The competition regulator will review the proposed $600 million sale of Lion’s dairy and drinks business to China Mengniu Dairy, with a close eye on whether the deal generates competition concerns and on how the acquisition would affect Victorian dairy farmers.
The Australian Competition and Consumer Commission said the two parties overlapped in the acquisition of milk from farms in the Gippsland region of Victoria, one of the country’s most productive dairying regions.
The ACCC has asked interested parties to come forward to outline any “competition concerns” stemming from the deal. It is also seeking views on the potential impact of the deal on prices paid to Gippsland dairy farmers for their milk, and on the terms of their supply arrangements.
Mengniu has significant ties with South Gippsland-based dairy processor Burra Foods. A Mengniu subsidiary owns a 43.35 per cent minority stake in a company called Inner Mongolia Fuuyuan International Industrial, which in turn owns 51.35 per cent of Burra Foods.
Lion owns a yoghurt processing plant at Morwell, about 75 kilometres away from Burra’s plant at Korumburra.
Mengniu grabbed headlines in late November when the $600 million deal was announced, especially given it came shortly after it received a conditional tick of approval from federal treasurer Josh Frydenberg to buy infant formula company Bellamy’s Organic.

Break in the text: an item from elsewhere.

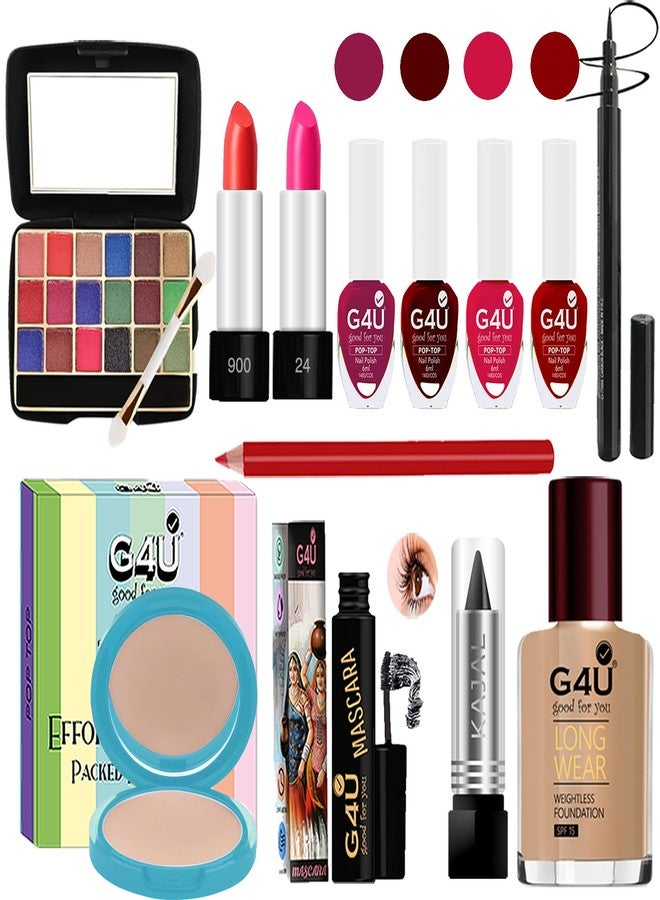 G4U Glam Goddess: All-in-One Starter Makeup Set for Girls & Women -(Pack of- 13pcs) A53 - Image 1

Lion owns well-known dairy brands including Dairy Farmers, Farmers Union, Dare and Big M.
“Lion Dairy and Drinks will provide information as relevant to the ACCC to assist their understanding and consideration of the transaction. We reiterate our view that the sale of the Dairy and Drinks business to Mengniu Dairy is in the long-term interest of all stakeholders,” Lion said in a statement.